What does Romans 8:4 mean?
Paul is continuing to explain how it can be that God will never condemn those who are in Christ Jesus (Romans 8:1). In the previous verse, he showed that God acted to save us from the law of sin and death. We were stuck. We all sinned, and we were all condemned to die.To change this, God sent His Son Jesus to earth as a man who had no sin Himself (Hebrews 4:15). He was sent for sin, to receive God's condemnation of death for sin once for all in His own sinless body (2 Corinthians 5:21).
Now Paul explains that this was necessary in order to fulfill the righteous requirements of the law. After all, the law of Moses was given by God. It is His law. He fulfilled the requirements of His law by paying out on His own Son the death we had earned with our sin so that justice was done. Sin was paid for.
This was not a universal action for all people as a group. This death for sin was personal. It was Jesus' death for our sin. The requirement of the law is fulfilled in us, individually. Our personal sin has been paid for by Jesus' personal death.

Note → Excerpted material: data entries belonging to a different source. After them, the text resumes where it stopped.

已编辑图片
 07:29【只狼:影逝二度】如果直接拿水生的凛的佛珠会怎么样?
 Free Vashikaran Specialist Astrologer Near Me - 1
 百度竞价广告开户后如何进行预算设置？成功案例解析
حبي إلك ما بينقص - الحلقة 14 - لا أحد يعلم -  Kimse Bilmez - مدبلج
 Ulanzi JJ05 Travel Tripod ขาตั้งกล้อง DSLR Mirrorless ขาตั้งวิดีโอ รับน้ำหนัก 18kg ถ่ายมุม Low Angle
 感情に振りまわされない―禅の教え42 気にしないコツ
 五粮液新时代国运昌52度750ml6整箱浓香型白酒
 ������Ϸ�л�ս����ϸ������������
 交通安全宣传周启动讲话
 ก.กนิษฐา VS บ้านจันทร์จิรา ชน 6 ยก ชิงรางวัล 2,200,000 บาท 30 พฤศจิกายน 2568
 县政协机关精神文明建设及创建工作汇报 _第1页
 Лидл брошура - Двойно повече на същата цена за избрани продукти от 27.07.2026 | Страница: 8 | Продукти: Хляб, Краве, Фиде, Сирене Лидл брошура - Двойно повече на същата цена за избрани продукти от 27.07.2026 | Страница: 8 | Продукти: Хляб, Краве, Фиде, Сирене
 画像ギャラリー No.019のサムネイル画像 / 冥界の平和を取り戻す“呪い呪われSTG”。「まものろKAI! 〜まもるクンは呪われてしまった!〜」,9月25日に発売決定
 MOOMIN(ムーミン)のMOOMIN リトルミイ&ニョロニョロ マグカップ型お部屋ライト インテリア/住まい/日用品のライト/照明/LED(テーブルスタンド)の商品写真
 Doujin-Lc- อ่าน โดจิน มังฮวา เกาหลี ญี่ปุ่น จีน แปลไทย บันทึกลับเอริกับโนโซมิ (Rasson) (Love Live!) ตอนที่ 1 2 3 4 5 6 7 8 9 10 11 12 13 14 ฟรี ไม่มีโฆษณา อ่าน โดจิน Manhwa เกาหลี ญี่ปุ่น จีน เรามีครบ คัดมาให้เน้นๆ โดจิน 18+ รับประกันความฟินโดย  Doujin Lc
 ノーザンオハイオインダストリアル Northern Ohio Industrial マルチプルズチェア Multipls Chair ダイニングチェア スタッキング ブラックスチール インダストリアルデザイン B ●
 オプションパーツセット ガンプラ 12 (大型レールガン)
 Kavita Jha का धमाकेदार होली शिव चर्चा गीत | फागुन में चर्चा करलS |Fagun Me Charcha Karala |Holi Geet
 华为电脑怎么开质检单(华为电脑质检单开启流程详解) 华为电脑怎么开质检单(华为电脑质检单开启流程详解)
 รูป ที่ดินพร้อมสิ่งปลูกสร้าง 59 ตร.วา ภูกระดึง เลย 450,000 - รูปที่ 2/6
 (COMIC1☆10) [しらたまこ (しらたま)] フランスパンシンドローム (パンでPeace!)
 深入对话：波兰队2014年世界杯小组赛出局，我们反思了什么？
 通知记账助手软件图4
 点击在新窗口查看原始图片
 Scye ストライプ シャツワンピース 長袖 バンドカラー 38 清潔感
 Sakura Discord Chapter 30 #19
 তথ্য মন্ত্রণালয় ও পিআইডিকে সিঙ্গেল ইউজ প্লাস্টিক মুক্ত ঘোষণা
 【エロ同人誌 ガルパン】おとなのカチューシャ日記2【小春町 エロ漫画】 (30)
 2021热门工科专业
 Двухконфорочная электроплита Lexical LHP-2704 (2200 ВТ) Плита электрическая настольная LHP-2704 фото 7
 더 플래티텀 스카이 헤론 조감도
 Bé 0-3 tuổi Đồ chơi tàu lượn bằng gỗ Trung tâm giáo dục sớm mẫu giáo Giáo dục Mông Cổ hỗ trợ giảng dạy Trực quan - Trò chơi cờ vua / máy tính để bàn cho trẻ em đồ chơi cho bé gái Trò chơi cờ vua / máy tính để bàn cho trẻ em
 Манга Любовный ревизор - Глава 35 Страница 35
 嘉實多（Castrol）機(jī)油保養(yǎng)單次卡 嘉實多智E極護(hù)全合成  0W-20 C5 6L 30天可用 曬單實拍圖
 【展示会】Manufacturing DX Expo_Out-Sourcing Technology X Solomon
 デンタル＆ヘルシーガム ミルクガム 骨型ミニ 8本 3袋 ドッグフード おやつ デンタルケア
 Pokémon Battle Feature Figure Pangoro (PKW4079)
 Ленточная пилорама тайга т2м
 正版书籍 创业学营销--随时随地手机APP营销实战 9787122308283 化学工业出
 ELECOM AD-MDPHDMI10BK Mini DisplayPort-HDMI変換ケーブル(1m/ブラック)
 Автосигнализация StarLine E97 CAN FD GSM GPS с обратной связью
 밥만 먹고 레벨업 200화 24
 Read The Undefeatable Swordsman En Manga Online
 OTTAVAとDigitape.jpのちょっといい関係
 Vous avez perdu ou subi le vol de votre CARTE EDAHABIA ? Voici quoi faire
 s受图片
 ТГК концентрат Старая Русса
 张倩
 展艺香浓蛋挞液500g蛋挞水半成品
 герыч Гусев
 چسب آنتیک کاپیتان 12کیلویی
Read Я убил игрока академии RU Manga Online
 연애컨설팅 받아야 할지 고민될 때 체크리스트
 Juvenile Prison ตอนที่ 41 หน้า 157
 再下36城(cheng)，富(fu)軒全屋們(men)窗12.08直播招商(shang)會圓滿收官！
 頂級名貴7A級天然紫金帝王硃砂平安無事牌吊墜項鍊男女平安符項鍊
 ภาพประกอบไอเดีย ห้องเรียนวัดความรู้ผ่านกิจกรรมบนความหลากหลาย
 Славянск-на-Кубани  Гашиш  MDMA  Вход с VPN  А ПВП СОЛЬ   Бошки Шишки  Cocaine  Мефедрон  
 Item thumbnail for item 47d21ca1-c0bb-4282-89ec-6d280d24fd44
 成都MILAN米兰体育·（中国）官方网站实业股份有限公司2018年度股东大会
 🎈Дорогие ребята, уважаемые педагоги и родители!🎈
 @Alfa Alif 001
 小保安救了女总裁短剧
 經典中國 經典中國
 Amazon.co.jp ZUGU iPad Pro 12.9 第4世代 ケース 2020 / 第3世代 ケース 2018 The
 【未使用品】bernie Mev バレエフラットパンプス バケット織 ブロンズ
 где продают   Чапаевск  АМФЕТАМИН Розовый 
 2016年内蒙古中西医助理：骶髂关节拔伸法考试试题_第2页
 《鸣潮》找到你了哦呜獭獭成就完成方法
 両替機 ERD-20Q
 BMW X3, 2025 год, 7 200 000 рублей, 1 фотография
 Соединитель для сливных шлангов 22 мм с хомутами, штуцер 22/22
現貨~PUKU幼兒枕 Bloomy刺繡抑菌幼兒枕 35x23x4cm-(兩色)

Now, Paul concludes, we are the people who no longer walk—or live—by the flesh. We are not self-propelled. Christians walk and live by the Spirit. This does not mean that Christians never sin in our flesh (1 John 1:9–10). It means that we don't live that way (1 John 3:4–6). All of the life in us comes from God by His Spirit. To the extent that we live at all, we live in the Spirit's power.